The Friends of the Iron Duke have actively promoted the pub's availability through their social media platforms. They passed on all enquiries and followed up to ensure the council and trust engaged with all interested parties. This has not been the case. Highly qualified operators with a proven track record in the pub industry have been either ignored or turned down.
One highly successful publican managed to battle through Councillor Williamson's obstruction to submit a business plan but was refused a site visit or even floor plans. Councillor Williamson stated that all avenues would be explored for the historic building but there is no evidence the pub’s availability has been marketed, not in trade journals, not on websites, not even via commercial estate agents.
The trust describes itself as a developer of the last resort but in the case of the Iron Duke, this was not a pub no one wanted, it was a pub no one could buy. The group has asked for the feasibility study the trust paid David Clarke Associates to conduct to be put in the public domain. It would be expected that any study would include the Iron Duke being restored and reopened as a public house. To date the feasibility study remains unpublished.
In December 2022 the trust announced it had applied for over £2.5 million of lottery heritage funding to restore the pub.
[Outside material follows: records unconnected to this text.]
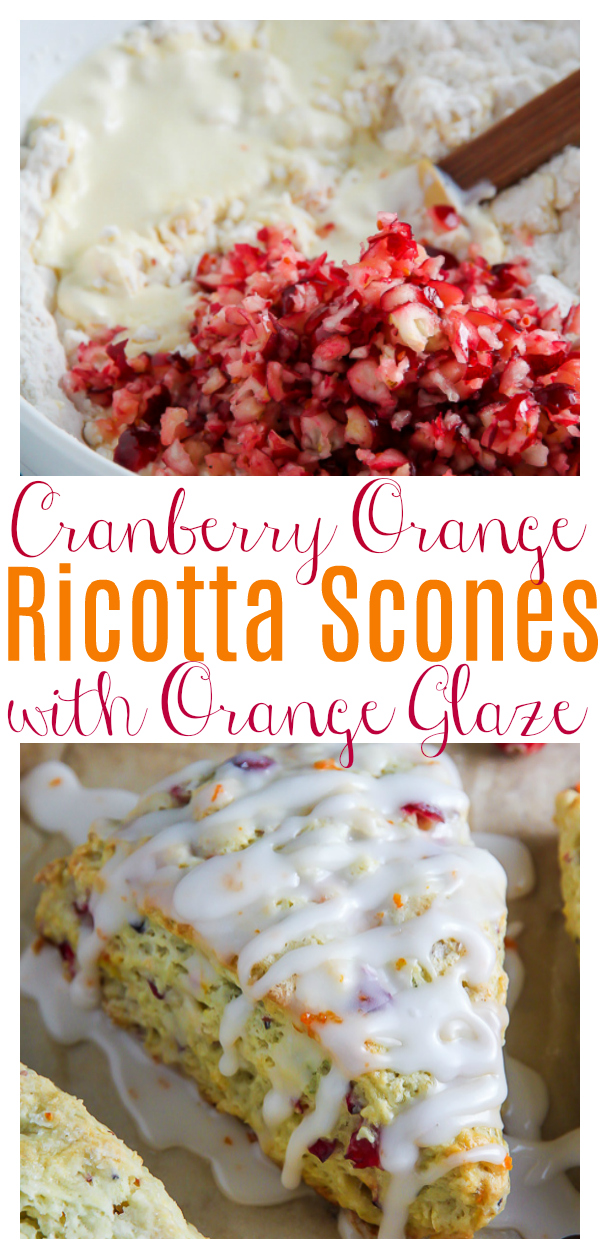 Homemade Cranberry Ricotta Scones feature supremely soft centers, crunchy tops, and a sweet orange glaze. These scones are flaky, buttery, and loaded with fresh cranberries! A pop of orange zest and a sweet glaze make them the ultimate holiday treat!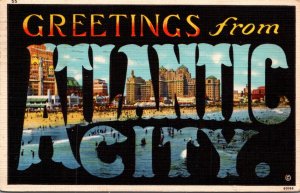 Greetings From Atlantic City New Jersey Large Letter Linen 1937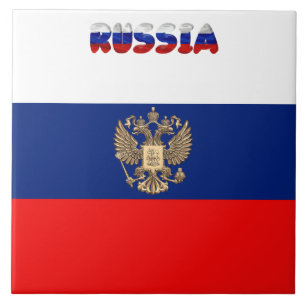 Russian flag ceramic tile
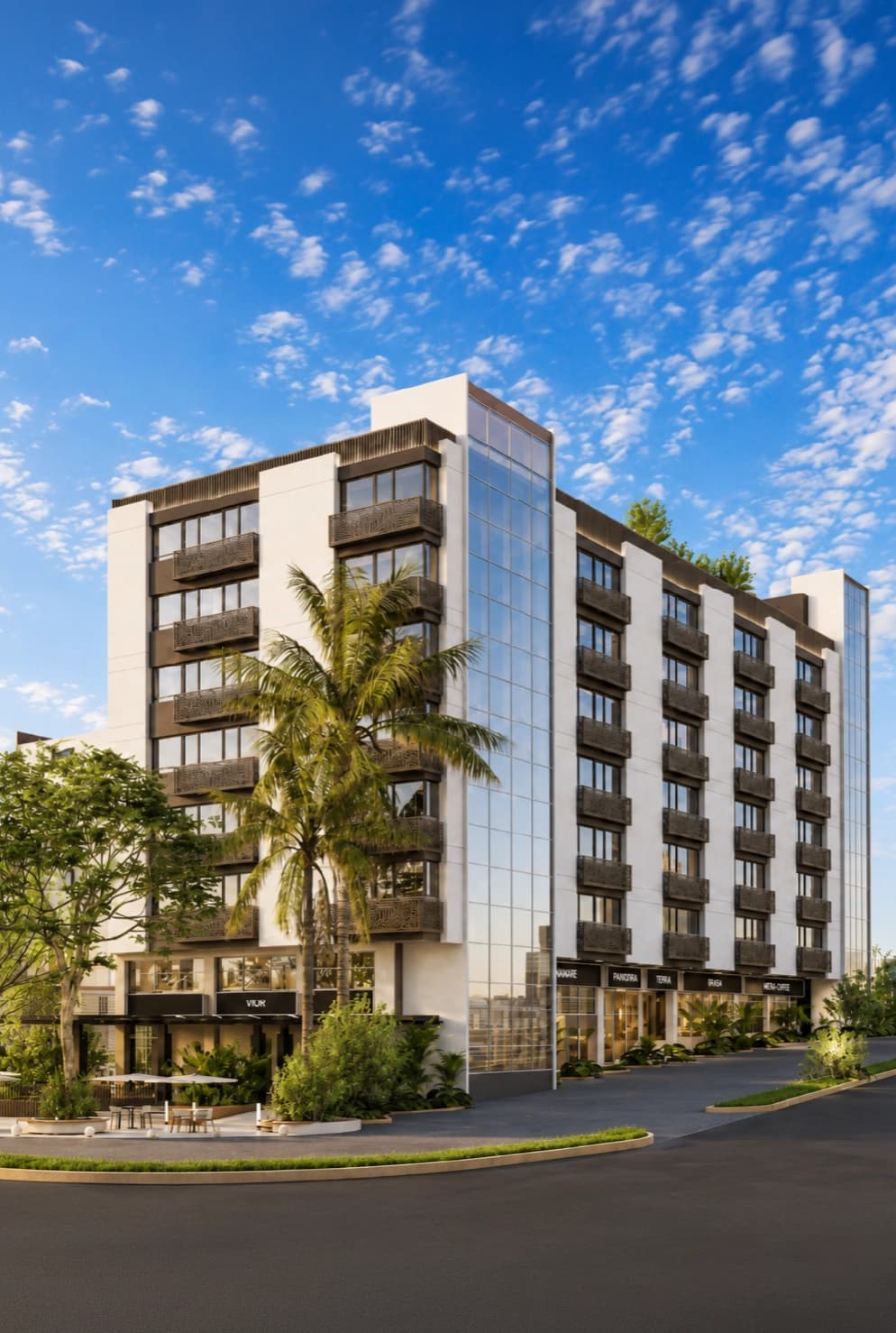 Stay Bella Vista building facade with palm trees, Panama City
It also announced that the operator would be a local American-style burger chain, Zaks.
The decision is highly questionable. American culture has no connection to the pub, Lacons’ legacy or the town of Great Yarmouth. Zaks was one of the businesses that approached Friends of the Iron Duke and was passed on to the council and again the Friends followed up to ensure the trust and council engaged.
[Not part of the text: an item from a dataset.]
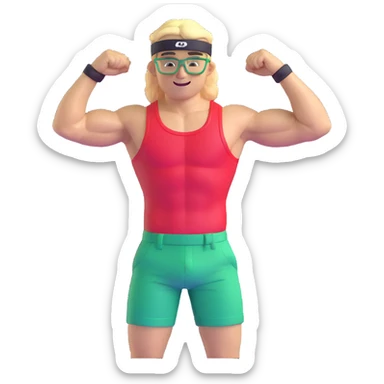 Man with black and white cap, bare muscular torso, red shorts, clear glasses, messy light blond mullet hairstyle, flexing and smiling sticker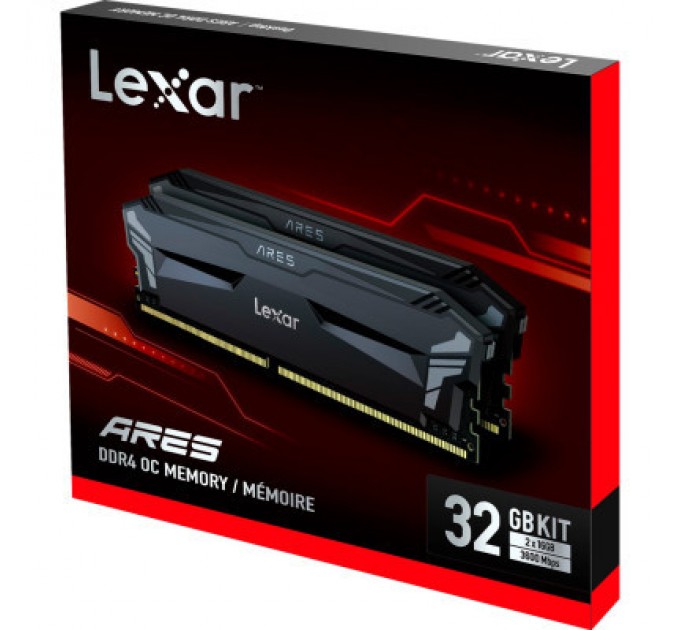 Lexar Модуль пам'яті для комп'ютера DDR4 16GB (2x8GB) 3600 MHz Ares Black Lexar (LD4BU008G-R3600GD0A)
Everyone who made enquiries was given the same information and help. The council and trust though have failed to answer enquiries, have acted with zero transparency and even considered the pub being converted to a nature observatory. No one is criticising Zaks but it already has an American-style diner in the town. There are also two other similar restaurants just a brief walk from the pub.
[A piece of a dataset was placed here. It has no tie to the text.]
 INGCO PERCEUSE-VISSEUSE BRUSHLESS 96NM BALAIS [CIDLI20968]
The Iron Duke pub is a stunning example of interwar design. The scope is huge for this heritage pub. Packed full of original features with a faithful restoration, it is going to be a highly valuable asset and all-year round attraction for Great Yarmouth.
The Iron Duke is a venue that can offer far more than a single-offering restaurant. It can work with local brewers to supply their best ales and beers, along with locally-sourced food and seasonal menus. Beer festivals and vintage events can be held. People can enjoy afternoon tea while enjoying stunning views of the sea – the list is endless.
The public consultation to discuss the council and trust's plans for the pub is a Lottery Heritage Fund requirement. The Friends of the Iron Duke are keen that it is accessible to all. It’s difficult to see how disregarding the pub’s heritage will ensure the Iron Duke has a successful and sustainable future.
LATE NEWS: The public consultation will take place on Thursday 29 June, 3.30-6.30pm, North Denes Primary School, Jellicoe Road.
Cllr Bernard Williamson told the Eastern Daily Press the Iron Duke is “an important historic building, part of the town’s heritage”. He added he was delighted to have formed a partnership with Zak’s – a partnership that will turn the pub into an American-style burger restaurant.